The mass protests began on October 17 which resulted in the shuttering of banks, schools, and many business establishments. The protests were sparked due to the proposed tax on the WhatsApp messenger service but rapidly escalated with people urging the resignation of the government and a change in the political ideology. Banks are set to reopen from Friday amid concerns of the severe financial crisis that preceded the protests that could worsen. President Michel Aoun, who is one of the primary targets of protestors' anger was scheduled to deliver a speech on that day. Lebanon's Prime Minister Saad Hariri resigned Tuesday, which resulted in a big victory for the demonstrators but diving the country into greater uncertainties. It typically takes time to form a new government.
A university professor, Wahid Rihani, said that protestors want a government of technocrats and early parliamentary elections. He said are back to the streets demanding the formation of a new government within 48 hours. The protestors have been sitting or lying on the roads which forced the security forces to drag them away by their legs and arms. In many places, the security forces have removed the concrete blocks, burning tires, and physical road encroachments. Clashes between police and the protestors were reported but there were no reports of serious injuries or casualties.

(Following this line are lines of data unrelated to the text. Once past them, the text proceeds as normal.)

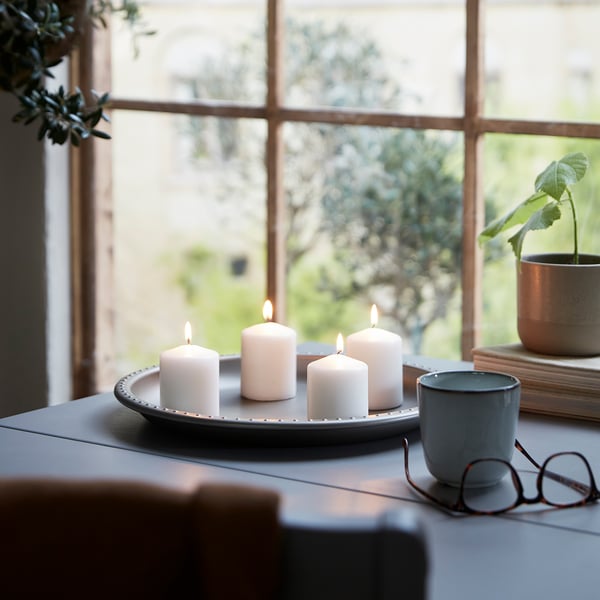 IKEA HEMSJÖ Unscented Block Candle Natural 3 ¼ "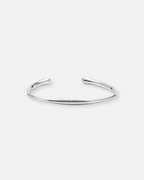 Bruce & Co Men’s Slim Wave Adjustable Open Cuff Bracelet, Silver-Plated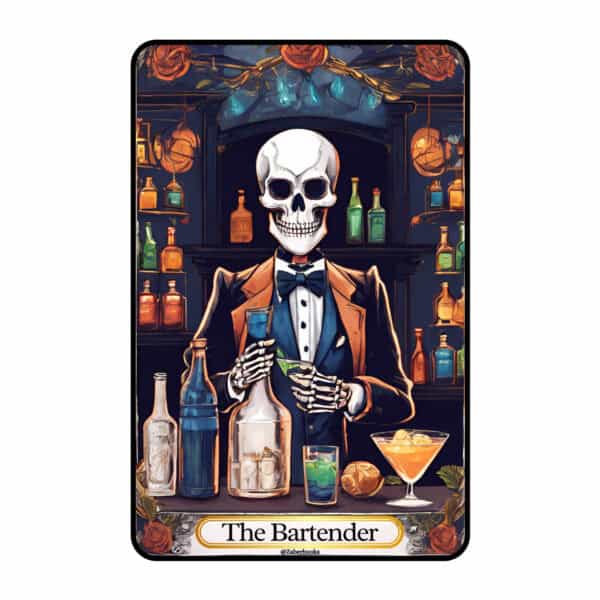 Bartender Skeleton Tarot Card Vinyl Sticker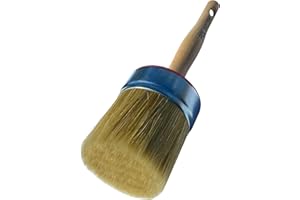 POL BRUSH 3 inch Stencil & Wax European Professional Round Paint Brush - Natural Bristles Wooden Handle - for Chalk, Wax, Acrylic, Oil, Watercolor, Stain, Varnish - for Art, Decor, Walls, Furniture, Woods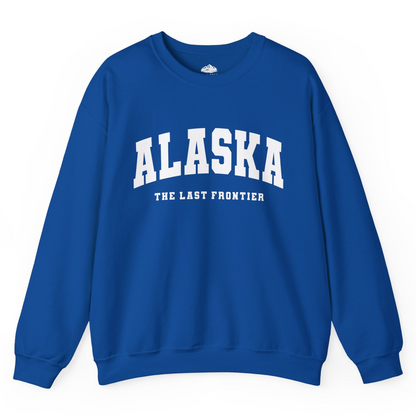 Alaska The Last Frontier Bold Collegiate Vintage State Pride Shirt — Sweatshirt Sweatshirt – Royal – Alaska Cruise Shirts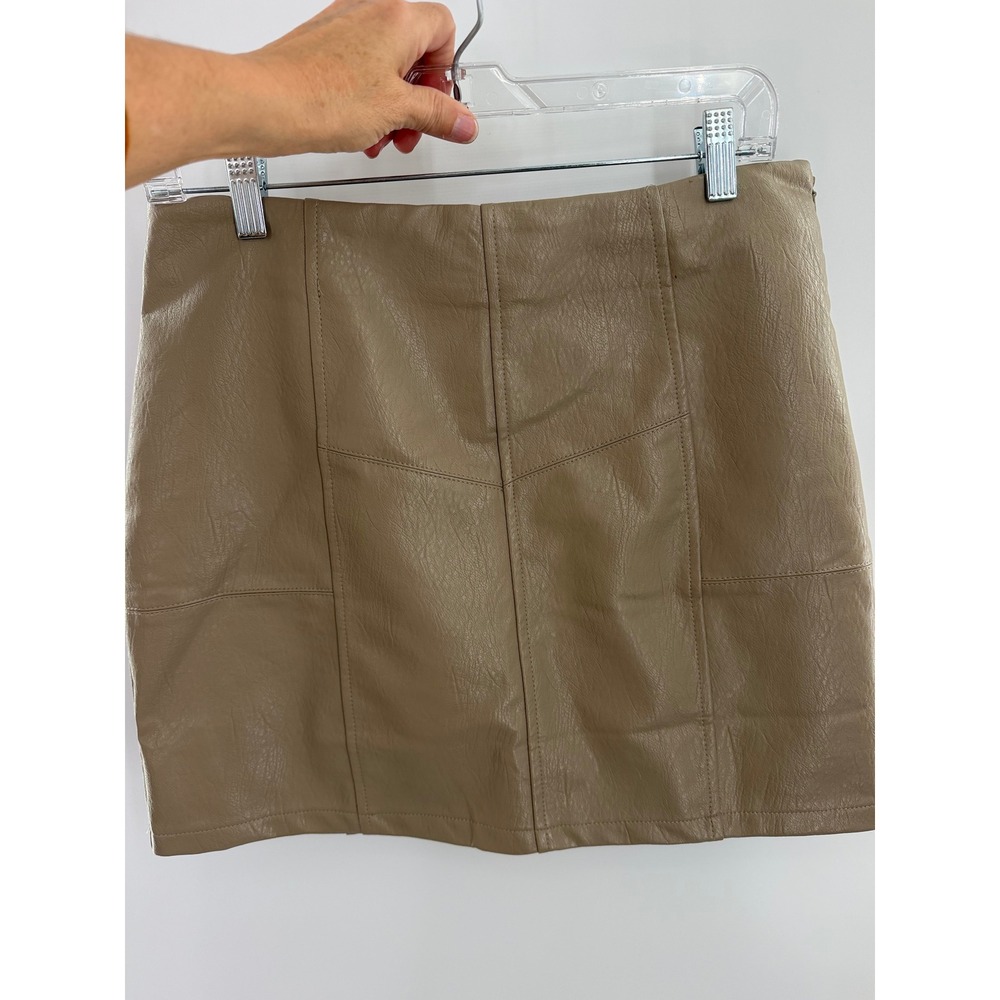 Bluivy Tan Faux Leather Mini Skirt Beige Panelled Contemporary Womens L - Picture 7 of 8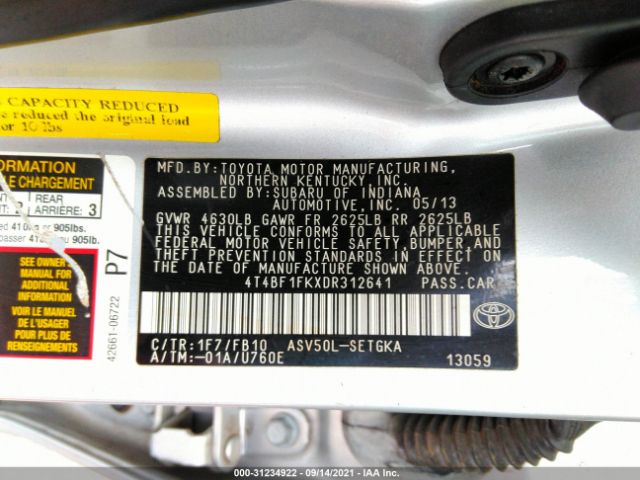 Photo 8 VIN: 4T4BF1FKXDR312641 - TOYOTA CAMRY 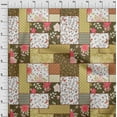 thumbnail image 4 of oneOone Cotton Silk Dark Olive Green Fabric Asian Floral Mix Patch Craft Projects Decor Fabric Printed By The Yard 42 Inch Wide, 4 of 4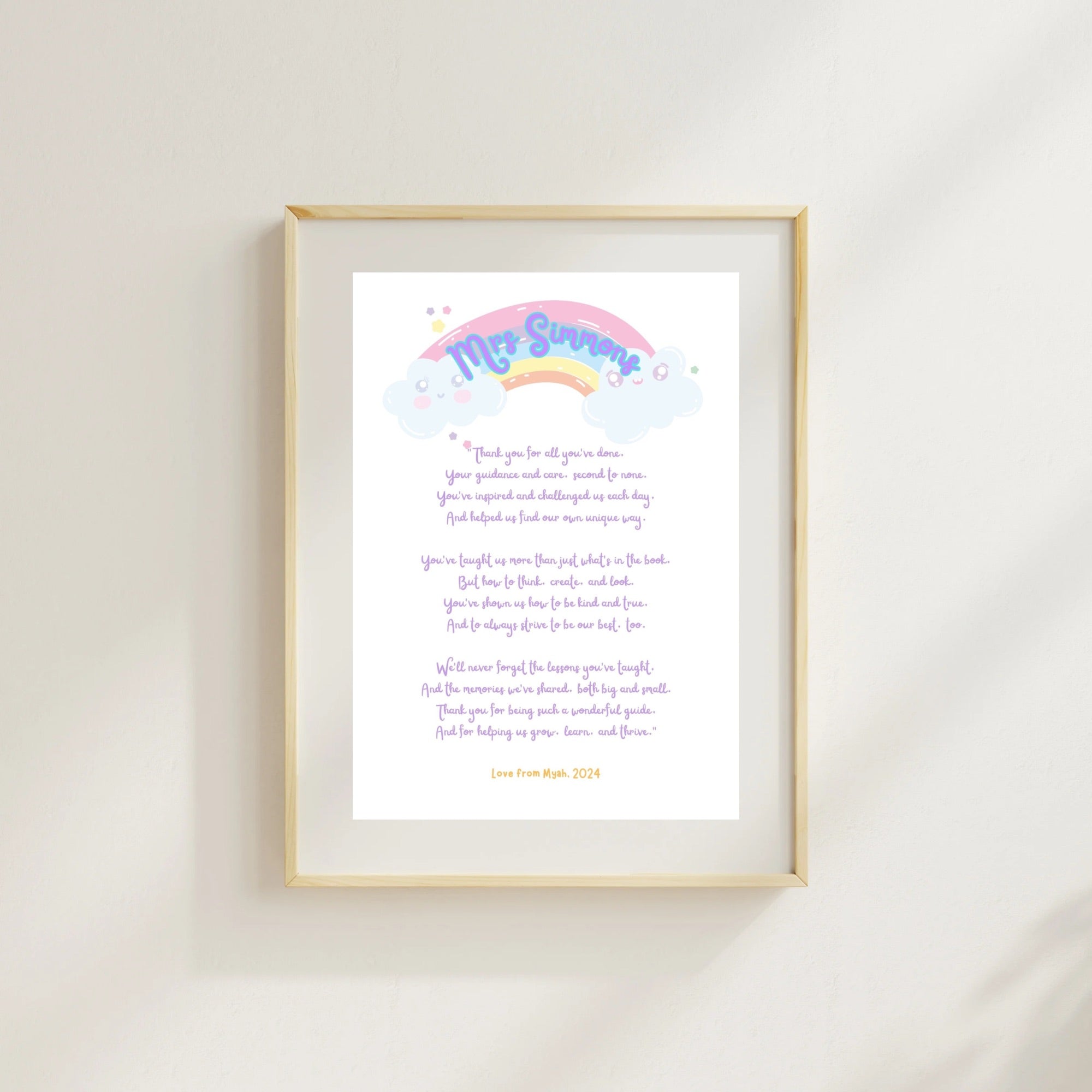 Personalised A4 Teacher Thank You Print – End of Year Teacher Gift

Hundreds of supporters backing the militant Hezbollah group and the allied Shiite Amal party rampaged through the main protest camp, vandalizing chairs and setting fire to tents. Security forces dispersed them with tear gas but the protestors returned after some hours, repairing the tents and resuming their sit-ins. The Lebanon government is dominated by the allies of Iran backed Hezbollah which has accused the foreign powers of exploiting the protests to undermine it. The protestors have urged for the resignation of the political class that has dominated the country since its 1975-1990 civil war. Thirty years after the end of the war, Lebanon still faces frequent power cuts, unreliable water supply, and the trash often goes uncollected. The country is currently $86 billion in debt, accounting for 150% of its GDP.